Dangling pointer example

Kevin Meredith picture Kevin Meredith · Aug 12, 2010 · Viewed 11.7k times · Source

In the following code, why does s1.printVal causes a dangling pointer error? Isn't the s1 object, i.e. its pointer, still accessible until it's destroyed?

class Sample
{
  public:
    int *ptr;
    Sample(int i)
    {
        ptr = new int(i);
    }

    ~Sample()
    {
        delete ptr;
    }
    void PrintVal()
    {
        cout << "The value is " << *ptr;
    }
};

void SomeFunc(Sample x)
{
    cout << "Say i am in someFunc " << endl;
}

int main()
{
    Sample s1 = 10;
    SomeFunc(s1);
    s1.PrintVal(); // dangling pointer
}

Source

Answer

Nikolai Fetissov picture Nikolai Fetissov · Aug 12, 2010

The problem here is the copy that is done for argument of the SomeFunc(). That copy de-allocates your pointer when destroyed. You need to also implement a copy constructor, and copy assignment operator.
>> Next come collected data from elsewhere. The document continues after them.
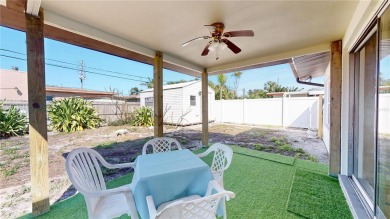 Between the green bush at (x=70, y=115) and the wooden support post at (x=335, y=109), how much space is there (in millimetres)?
7886

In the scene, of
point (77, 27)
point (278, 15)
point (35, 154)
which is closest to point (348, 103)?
point (278, 15)

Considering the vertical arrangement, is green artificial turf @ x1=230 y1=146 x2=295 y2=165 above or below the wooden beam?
below

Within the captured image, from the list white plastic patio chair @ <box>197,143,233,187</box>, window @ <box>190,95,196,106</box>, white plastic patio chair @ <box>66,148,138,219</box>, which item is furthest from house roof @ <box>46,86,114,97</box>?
white plastic patio chair @ <box>197,143,233,187</box>

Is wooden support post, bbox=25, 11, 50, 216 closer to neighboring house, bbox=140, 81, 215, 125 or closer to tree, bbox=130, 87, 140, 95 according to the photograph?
neighboring house, bbox=140, 81, 215, 125

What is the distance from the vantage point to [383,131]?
4.89ft

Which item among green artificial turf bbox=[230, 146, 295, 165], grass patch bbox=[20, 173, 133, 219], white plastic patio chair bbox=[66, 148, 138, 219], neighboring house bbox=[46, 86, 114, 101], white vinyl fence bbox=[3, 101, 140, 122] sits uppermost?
neighboring house bbox=[46, 86, 114, 101]

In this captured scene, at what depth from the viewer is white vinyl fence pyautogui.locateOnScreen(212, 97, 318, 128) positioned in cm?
758

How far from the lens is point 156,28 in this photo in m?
2.38

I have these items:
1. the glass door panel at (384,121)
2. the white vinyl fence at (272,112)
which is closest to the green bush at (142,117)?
the white vinyl fence at (272,112)

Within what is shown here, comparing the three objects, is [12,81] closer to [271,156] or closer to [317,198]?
[271,156]

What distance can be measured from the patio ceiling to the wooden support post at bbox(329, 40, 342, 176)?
24cm

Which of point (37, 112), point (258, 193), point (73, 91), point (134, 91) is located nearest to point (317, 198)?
point (258, 193)

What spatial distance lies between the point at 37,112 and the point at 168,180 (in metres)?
1.74

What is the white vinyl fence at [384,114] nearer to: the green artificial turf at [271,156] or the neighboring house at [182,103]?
the green artificial turf at [271,156] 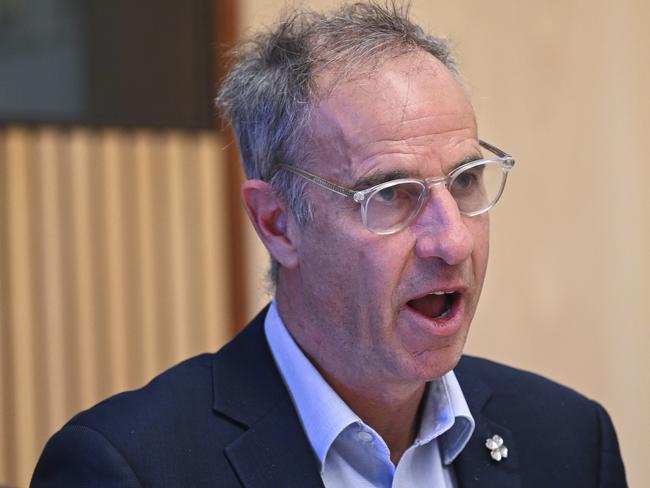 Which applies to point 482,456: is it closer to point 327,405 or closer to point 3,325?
point 327,405

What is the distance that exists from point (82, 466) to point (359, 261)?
1.92ft

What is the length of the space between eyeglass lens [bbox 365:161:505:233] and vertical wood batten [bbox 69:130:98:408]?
2049 mm

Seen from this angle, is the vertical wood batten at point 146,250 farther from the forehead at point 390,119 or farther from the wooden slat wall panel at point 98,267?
the forehead at point 390,119

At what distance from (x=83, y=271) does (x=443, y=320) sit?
2.11 metres

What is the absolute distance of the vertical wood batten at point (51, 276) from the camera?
3.59 meters

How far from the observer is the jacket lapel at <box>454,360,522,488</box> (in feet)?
6.57

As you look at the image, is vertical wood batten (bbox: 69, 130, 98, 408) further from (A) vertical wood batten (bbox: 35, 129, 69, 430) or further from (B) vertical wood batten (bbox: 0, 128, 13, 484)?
(B) vertical wood batten (bbox: 0, 128, 13, 484)

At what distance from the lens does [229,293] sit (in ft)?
13.0

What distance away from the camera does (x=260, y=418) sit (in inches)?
74.4

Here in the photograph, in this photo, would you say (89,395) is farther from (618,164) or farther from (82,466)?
(618,164)

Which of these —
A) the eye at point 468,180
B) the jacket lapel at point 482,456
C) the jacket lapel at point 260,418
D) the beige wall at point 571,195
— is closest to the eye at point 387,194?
the eye at point 468,180

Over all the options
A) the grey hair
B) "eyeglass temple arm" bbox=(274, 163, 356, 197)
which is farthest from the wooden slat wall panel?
"eyeglass temple arm" bbox=(274, 163, 356, 197)

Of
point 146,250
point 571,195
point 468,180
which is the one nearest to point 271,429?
point 468,180

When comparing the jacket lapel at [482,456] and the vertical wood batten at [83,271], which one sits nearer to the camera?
the jacket lapel at [482,456] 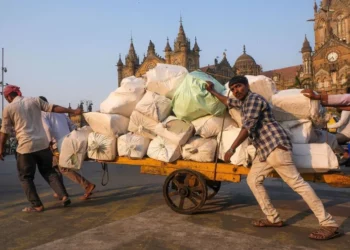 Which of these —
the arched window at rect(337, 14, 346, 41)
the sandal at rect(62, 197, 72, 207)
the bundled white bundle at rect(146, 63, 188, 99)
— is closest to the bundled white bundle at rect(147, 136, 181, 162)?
the bundled white bundle at rect(146, 63, 188, 99)

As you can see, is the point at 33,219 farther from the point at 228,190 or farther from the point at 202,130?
the point at 228,190

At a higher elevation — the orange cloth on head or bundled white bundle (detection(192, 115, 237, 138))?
the orange cloth on head

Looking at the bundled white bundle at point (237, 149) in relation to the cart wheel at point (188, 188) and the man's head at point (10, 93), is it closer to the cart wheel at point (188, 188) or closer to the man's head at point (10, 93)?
the cart wheel at point (188, 188)

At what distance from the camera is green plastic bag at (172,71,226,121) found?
4201mm

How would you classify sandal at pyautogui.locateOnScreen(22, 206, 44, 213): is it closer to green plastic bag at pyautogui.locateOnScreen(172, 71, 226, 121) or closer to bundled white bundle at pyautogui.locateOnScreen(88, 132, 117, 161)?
bundled white bundle at pyautogui.locateOnScreen(88, 132, 117, 161)

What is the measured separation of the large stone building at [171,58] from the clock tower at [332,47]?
A: 19218 millimetres

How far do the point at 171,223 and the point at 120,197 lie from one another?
6.13ft

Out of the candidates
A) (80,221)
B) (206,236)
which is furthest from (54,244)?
(206,236)

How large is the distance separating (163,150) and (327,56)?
57.9 metres

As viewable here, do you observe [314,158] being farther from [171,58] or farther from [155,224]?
[171,58]

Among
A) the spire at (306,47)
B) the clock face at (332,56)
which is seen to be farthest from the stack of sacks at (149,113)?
the spire at (306,47)

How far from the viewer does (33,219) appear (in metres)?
4.39

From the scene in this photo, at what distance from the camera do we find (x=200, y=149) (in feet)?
13.8

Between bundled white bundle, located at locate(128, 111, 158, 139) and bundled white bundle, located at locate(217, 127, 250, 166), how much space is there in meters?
0.89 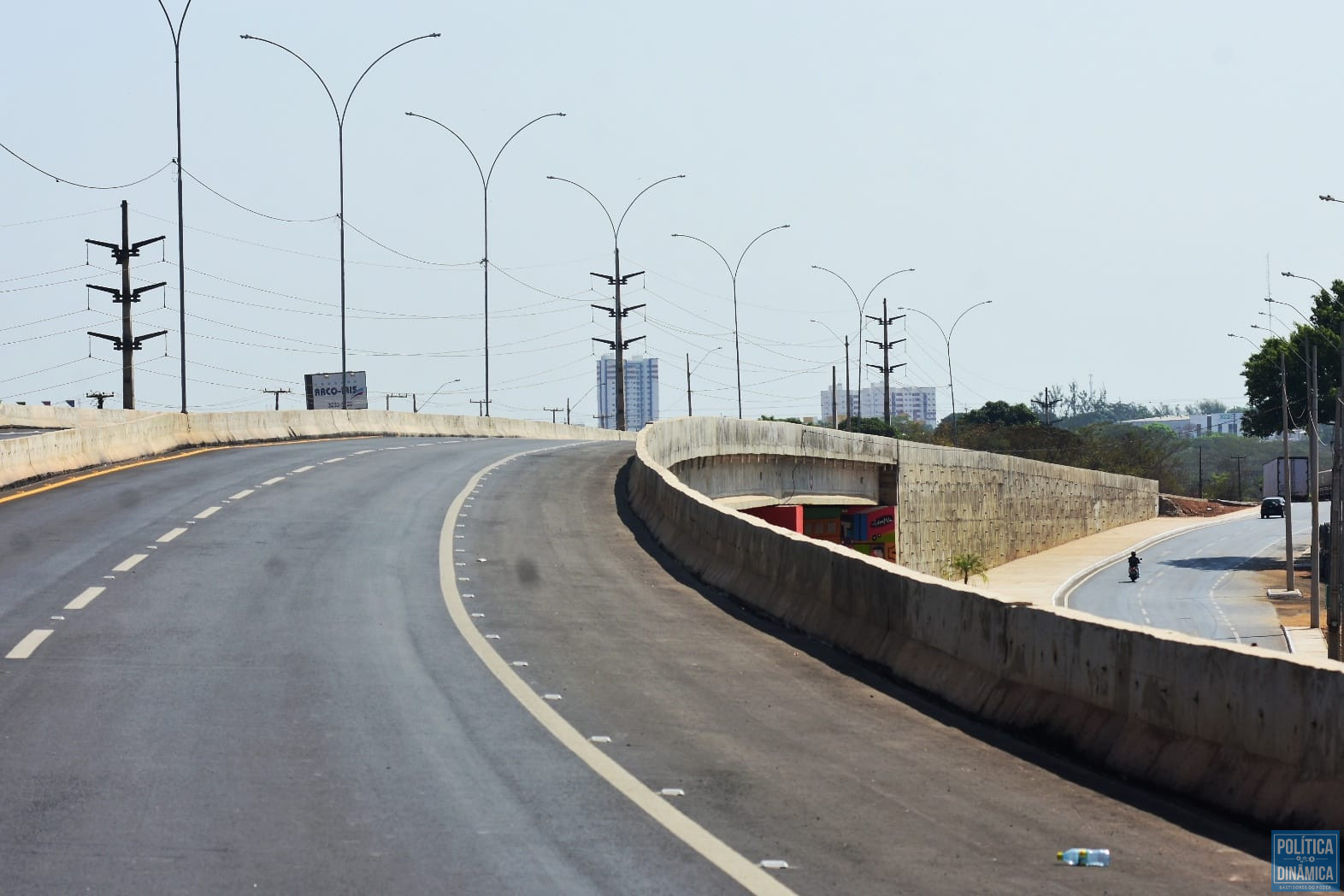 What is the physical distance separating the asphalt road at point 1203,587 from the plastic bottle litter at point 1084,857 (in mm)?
36186

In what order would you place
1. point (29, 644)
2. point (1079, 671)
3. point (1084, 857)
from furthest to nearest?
point (29, 644) < point (1079, 671) < point (1084, 857)

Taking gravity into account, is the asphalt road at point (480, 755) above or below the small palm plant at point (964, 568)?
above

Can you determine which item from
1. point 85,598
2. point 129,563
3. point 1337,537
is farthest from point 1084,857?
point 1337,537

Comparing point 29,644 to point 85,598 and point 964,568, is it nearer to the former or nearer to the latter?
point 85,598

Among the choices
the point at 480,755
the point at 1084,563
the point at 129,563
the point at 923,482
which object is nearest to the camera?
the point at 480,755

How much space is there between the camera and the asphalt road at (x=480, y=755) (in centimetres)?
730

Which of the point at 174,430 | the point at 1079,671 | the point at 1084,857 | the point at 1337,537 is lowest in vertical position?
the point at 1337,537

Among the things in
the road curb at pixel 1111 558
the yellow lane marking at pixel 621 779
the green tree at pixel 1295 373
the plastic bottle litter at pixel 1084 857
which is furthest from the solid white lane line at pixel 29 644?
the green tree at pixel 1295 373

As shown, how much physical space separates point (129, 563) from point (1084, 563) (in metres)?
81.3

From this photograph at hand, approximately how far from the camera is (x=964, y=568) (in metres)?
83.4

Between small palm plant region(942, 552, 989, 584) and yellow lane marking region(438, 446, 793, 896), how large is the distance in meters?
69.2

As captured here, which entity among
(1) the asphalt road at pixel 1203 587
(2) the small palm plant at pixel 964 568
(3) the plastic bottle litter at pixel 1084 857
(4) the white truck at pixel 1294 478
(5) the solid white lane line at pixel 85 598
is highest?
(5) the solid white lane line at pixel 85 598

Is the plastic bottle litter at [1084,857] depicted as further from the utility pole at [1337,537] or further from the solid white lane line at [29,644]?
the utility pole at [1337,537]

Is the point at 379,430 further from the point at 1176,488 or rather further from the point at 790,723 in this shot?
the point at 1176,488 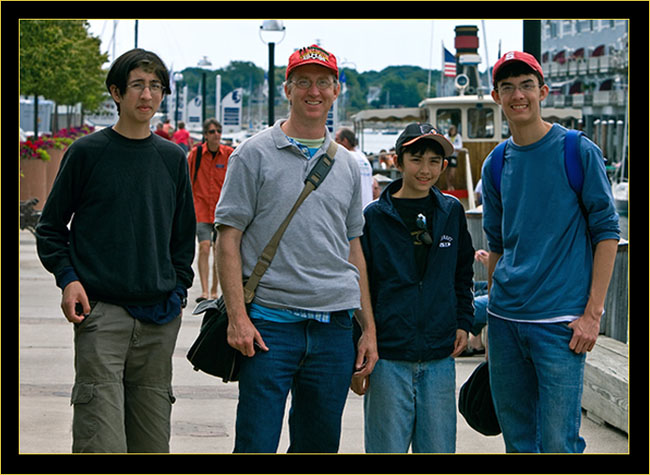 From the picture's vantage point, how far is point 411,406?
437cm

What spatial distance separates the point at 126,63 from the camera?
418cm

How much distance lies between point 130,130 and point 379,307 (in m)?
1.30

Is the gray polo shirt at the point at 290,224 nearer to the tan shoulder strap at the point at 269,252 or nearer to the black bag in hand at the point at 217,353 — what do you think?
the tan shoulder strap at the point at 269,252

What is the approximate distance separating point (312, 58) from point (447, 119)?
790 inches

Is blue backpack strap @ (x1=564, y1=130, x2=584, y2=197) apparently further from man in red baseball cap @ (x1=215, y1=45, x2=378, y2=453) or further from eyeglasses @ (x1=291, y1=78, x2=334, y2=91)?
eyeglasses @ (x1=291, y1=78, x2=334, y2=91)

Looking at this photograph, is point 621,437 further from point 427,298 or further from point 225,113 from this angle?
point 225,113

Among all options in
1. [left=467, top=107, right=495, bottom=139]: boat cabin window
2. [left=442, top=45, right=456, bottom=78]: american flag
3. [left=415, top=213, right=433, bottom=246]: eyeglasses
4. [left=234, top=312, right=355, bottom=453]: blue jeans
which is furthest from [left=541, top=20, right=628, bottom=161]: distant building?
[left=234, top=312, right=355, bottom=453]: blue jeans

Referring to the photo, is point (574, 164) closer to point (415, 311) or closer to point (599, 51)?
point (415, 311)

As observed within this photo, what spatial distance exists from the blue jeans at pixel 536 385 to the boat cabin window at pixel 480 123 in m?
19.5

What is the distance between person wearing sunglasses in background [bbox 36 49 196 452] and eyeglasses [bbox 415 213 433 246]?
1074 millimetres

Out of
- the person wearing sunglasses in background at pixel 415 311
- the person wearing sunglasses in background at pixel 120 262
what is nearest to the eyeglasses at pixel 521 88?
the person wearing sunglasses in background at pixel 415 311

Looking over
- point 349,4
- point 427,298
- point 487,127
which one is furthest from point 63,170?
point 487,127

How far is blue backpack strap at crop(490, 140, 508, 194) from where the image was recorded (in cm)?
443

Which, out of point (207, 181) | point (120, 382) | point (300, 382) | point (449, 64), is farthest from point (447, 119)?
point (120, 382) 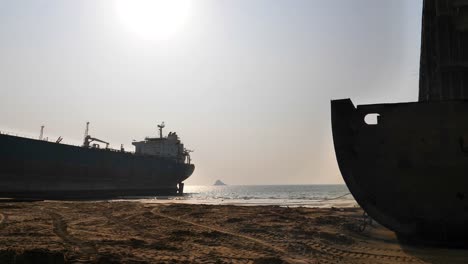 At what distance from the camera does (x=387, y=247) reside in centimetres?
727

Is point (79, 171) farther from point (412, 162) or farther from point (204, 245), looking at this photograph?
point (412, 162)

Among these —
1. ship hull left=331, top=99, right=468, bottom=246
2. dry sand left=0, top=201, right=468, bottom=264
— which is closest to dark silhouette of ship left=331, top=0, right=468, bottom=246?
ship hull left=331, top=99, right=468, bottom=246

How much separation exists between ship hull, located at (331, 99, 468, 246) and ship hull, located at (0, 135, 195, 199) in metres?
37.7

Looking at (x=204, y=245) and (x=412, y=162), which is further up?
(x=412, y=162)

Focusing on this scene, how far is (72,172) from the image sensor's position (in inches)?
1672

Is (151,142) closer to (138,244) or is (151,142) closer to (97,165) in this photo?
(97,165)

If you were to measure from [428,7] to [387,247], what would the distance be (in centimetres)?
748

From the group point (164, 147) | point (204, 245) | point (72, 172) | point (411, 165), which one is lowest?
point (204, 245)

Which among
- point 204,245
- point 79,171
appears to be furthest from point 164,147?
point 204,245

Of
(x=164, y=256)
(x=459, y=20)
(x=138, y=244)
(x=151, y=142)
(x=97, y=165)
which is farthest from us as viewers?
(x=151, y=142)

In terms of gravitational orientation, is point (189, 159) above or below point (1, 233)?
above

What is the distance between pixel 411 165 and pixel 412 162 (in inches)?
2.7

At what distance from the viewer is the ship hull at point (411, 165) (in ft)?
22.8

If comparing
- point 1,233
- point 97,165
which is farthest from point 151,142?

See rule of three.

Edit:

Here's "expanded" pseudo-code, i.e. what the compiler does for you in the main() function:

// main
addr0 = grab_stack_space( sizeof( Sample )); // alloc stack space for s1
Sample::ctor( addr0, 10 );                   // call ctor of Sample
addr1 = grab_stack_space( sizeof( Sample )); // alloc stack for argument
Sample::ctor( addr1, addr0 );                // call COPY-ctor of Sample
SomeFunc( addr1 );                           // call SomeFunc
Sample::dtor( addr1 );                       // XXX: destruct the copy
free_stack_space( addr1, sizeof( Sample ));  // free stack taken by copy
Sample::PrintVal( addr0 );                   // call member func on s1
Sample::dtor( addr0 );                       // destruct s1
free_stack_space( addr0, sizeof( Sample ));  // YYY: free stack taken by s1

This is not the exact representation, but a conceptual explanation. It just helps to think in terms of what compiler has to do with your code.

The pointer member of Sample is delete-ed at the step marked with XXX, and then delete-ed again at the step YYY.